Answer:
The boat should be headed at an angle of 60 degrees west of north (NW) to arrive at the point on the north shore directly opposite the starting point while compensating for the river's flow to the east.
Step-by-step explanation:
To arrive at a point on the north shore of the river directly opposite the starting point, you need to account for the river's eastward flow. You want to navigate the boat at an angle that balances the eastward drift caused by the river's current.
To do this, you can use vector addition. Let's call the angle between the boat's heading and north as θ.
The boat's speed with respect to the ground is 24 mi/h, and the river's flow speed is 12 mi/h to the east. So, you can think of the boat's velocity as a vector with a magnitude of 24 mi/h at an angle θ with respect to the north direction.

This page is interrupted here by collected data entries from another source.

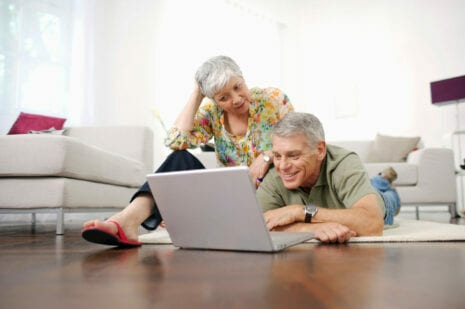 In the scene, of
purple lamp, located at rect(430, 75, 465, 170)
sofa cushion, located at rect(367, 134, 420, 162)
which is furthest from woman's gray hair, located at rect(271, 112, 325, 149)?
purple lamp, located at rect(430, 75, 465, 170)

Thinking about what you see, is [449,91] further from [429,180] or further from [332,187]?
[332,187]

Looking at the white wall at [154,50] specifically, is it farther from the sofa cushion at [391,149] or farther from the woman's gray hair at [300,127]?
the woman's gray hair at [300,127]

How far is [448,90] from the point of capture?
4.63 metres

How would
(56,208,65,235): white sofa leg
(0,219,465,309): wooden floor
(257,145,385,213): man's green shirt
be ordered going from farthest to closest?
(56,208,65,235): white sofa leg, (257,145,385,213): man's green shirt, (0,219,465,309): wooden floor

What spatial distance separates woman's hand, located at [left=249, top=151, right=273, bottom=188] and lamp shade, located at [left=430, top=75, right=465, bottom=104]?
356 cm

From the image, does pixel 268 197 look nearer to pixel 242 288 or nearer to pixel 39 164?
pixel 242 288

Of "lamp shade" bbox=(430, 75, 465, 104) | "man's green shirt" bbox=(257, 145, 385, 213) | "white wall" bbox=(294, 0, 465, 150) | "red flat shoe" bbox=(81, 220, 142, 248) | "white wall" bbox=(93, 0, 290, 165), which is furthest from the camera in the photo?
"white wall" bbox=(294, 0, 465, 150)

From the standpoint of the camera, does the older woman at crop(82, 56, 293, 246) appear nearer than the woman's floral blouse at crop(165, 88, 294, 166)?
Yes

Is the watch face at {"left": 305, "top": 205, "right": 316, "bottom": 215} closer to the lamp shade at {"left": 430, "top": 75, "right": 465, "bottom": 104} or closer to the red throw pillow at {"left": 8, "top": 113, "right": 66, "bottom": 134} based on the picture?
the red throw pillow at {"left": 8, "top": 113, "right": 66, "bottom": 134}

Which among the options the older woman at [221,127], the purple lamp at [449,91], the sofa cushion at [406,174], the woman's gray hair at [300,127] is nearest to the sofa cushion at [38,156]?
the older woman at [221,127]

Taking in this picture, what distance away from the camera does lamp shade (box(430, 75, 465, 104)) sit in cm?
452

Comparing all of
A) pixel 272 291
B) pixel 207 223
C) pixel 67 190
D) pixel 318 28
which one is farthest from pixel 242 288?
pixel 318 28

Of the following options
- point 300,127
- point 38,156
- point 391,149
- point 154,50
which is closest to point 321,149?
point 300,127

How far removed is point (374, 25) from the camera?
5949mm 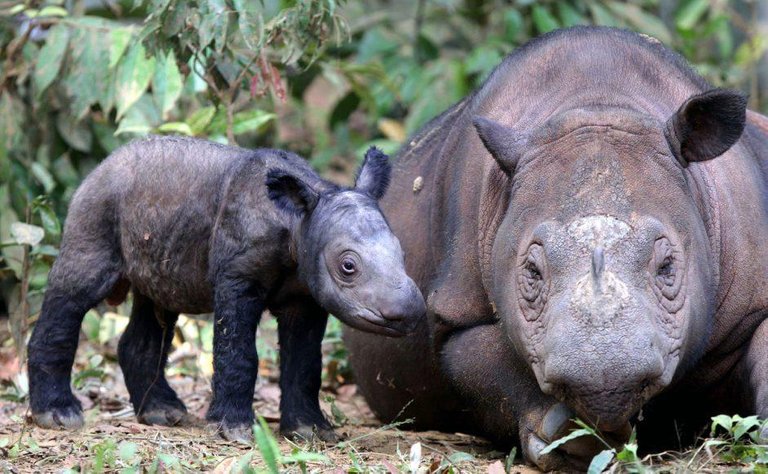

To counteract the eastward flow of the river, the boat's velocity vector should have a component in the westward direction equal to the river's velocity, which is 12 mi/h.
So, you have the following equation:
24 * cos(θ) = 12
Now, solve for θ:
cos(θ) = 12 / 24
cos(θ) = 0.5
To find θ, take the arccosine (inverse cosine) of 0.5:
θ = arccos(0.5)
θ ≈ 60 degrees
So, the boat should be headed at an angle of approximately 60 degrees west of north (NW) to arrive at the point on the north shore directly opposite the starting point while compensating for the river's flow to the east.